I'm trying to figure out some convergence statements on an MCMC example.
The setup is: I'm generating data samples as observations from a (known) deterministic parameter, say $s$ (using a forward equation and a random pertubation term). The data are input to my MCMC and I try to get estimates of the parameter $s$. I know it's not sensible to use MCMC to estimate a known deterministic parameter but this is just a toy example. So I assume I don't know much about $s$, give it an uninformative prior and set up a likelihood according to my problem.
Then I run my MCMC and I want to quantify how good my solutions are.
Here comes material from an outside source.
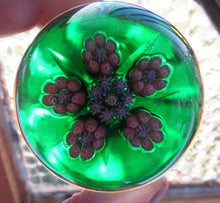 Load image into Gallery viewer, 1970s Perthshire Paperweight with Star-Shaped Clusters on Transluscent Emerald Green Base
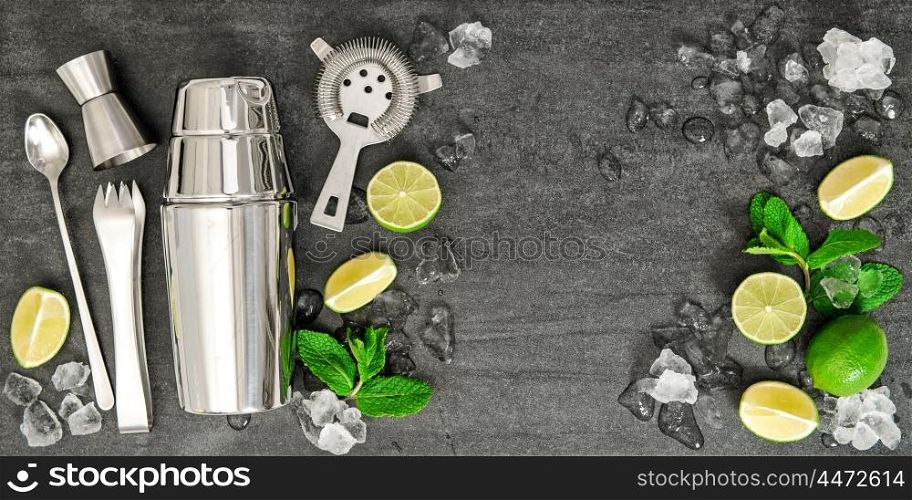 Bar accessories and ingredients for cocktail drink lime, mint, ice. Alcoholic and nonalcoholic cold drinks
So the assessements I want to make are along the lines of "I have this and that assumptions on $s$, I would expect e.g. the posterior mean be of an error magnitude of [whatever]... and my simulations meet these expectations yes or no..." How do I go about this?
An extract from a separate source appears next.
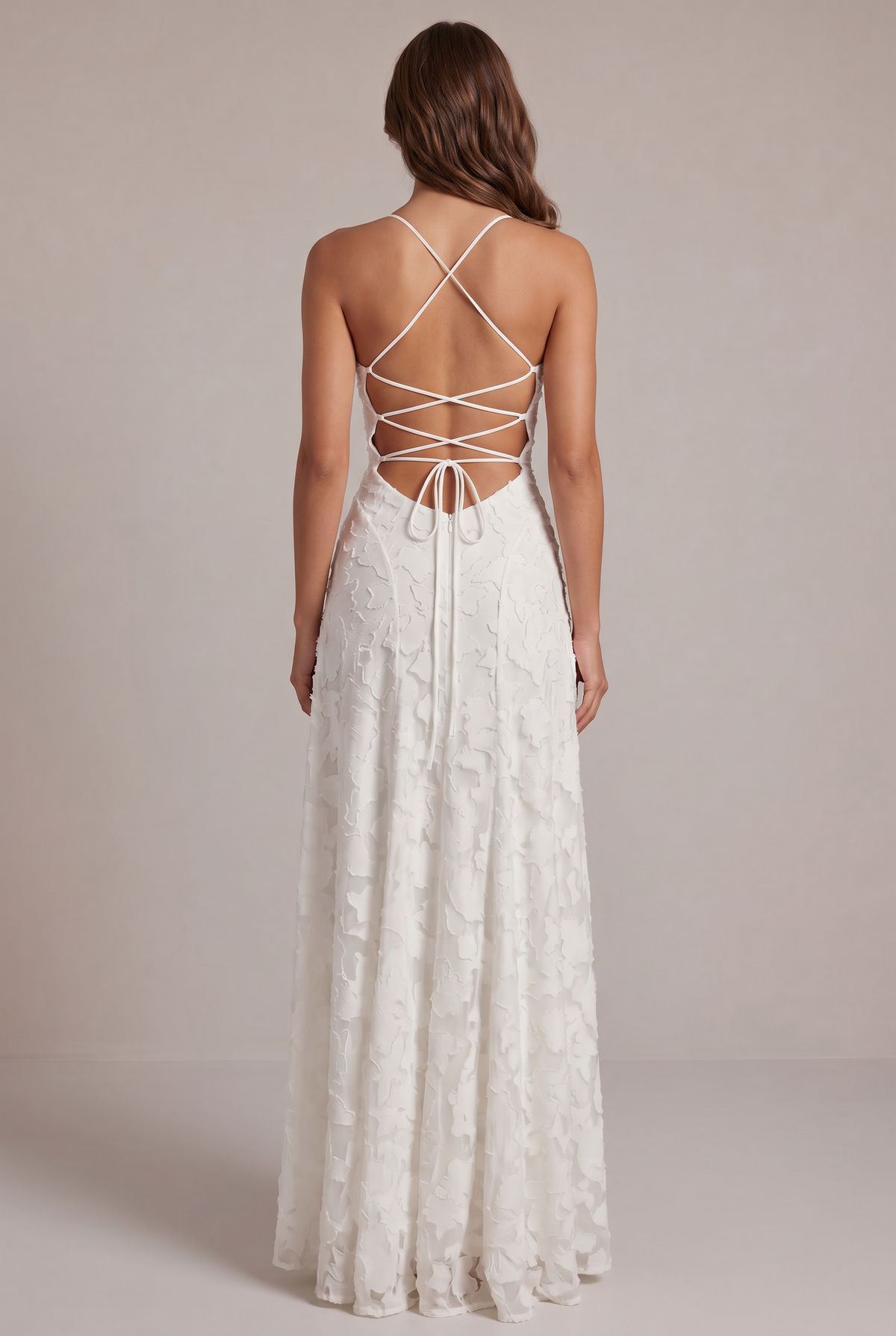 Back view of the white maxi dress, showing the criss-cross lace-up open back, tie closure and zip. 11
Is it possible to make such statements without an analytical MCMC target/posterior? (i.e. in my example I know the "true" distribution of $s$ (deterministic in this case), but I'm not putting this into the MCMC algorithm - the posterior for $s$ I get from likelihood and prior are something I don't have an analytical expression for) So far I figured that for error assessement of the posterior mean one could examine
$| s - \int_{\mathbb{R}} s \ p(s | data) \ ds | \leq \ldots$
but I'm not getting anywhere here if I don't know the posterior p(s | data)...
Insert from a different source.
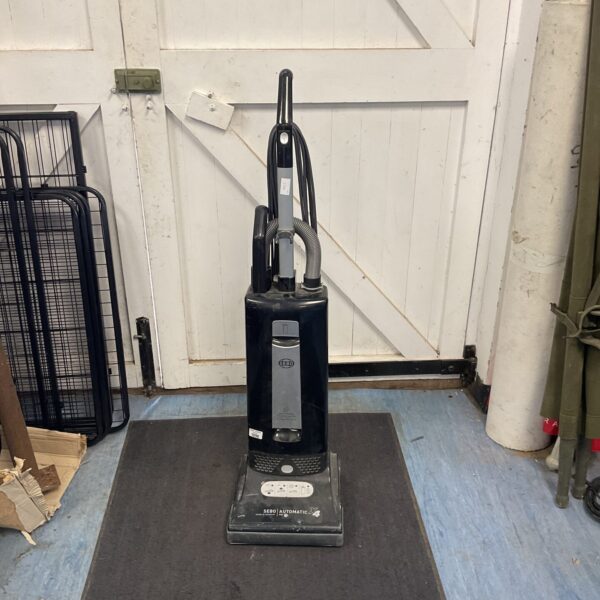 Black Sebo upright vacuum cleaner with hose, front view.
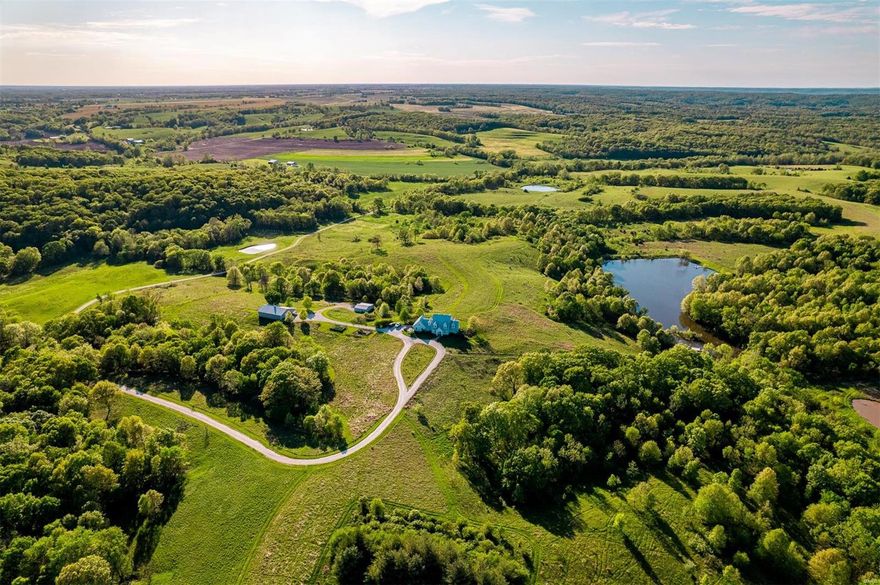 Experience the beauty of nature at Buffalo Creek Farm, located in the picturesque hills of Pike County, Missouri, just an hour north of St. Louis. This magnificent property features a lodge with 6 bedrooms and 4.5 bathrooms, elegantly rustic and perfect for entertaining. Enjoy breathtaking views of a giant field of pollinators and wildflowers, and watch the sunset over the knobs of Pike County from the back covered porch. The seller's passion for bees, bugs, birds, and all of the creatures and plants that can be grown in this area has created an impressive ecosystem that has benefited the deer and turkey. This turn-key family farm is a one-of-a-kind generational opportunity, with furniture, fixtures, equipment, and supplies included. Don't miss out on becoming a part of the Buffalo Creek legacy.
I would appreciate any hints.
Edit: Thanks for the help! My original question was obviously a little vague and also contains more than one question. In think the numerical error by MCMC is answered very clearly by Greenparkers post. I have more questions on the model error of the inverse problem itself but I think that's a different issue and so I'll mark this question answered and maybe make new ones for the other stuff.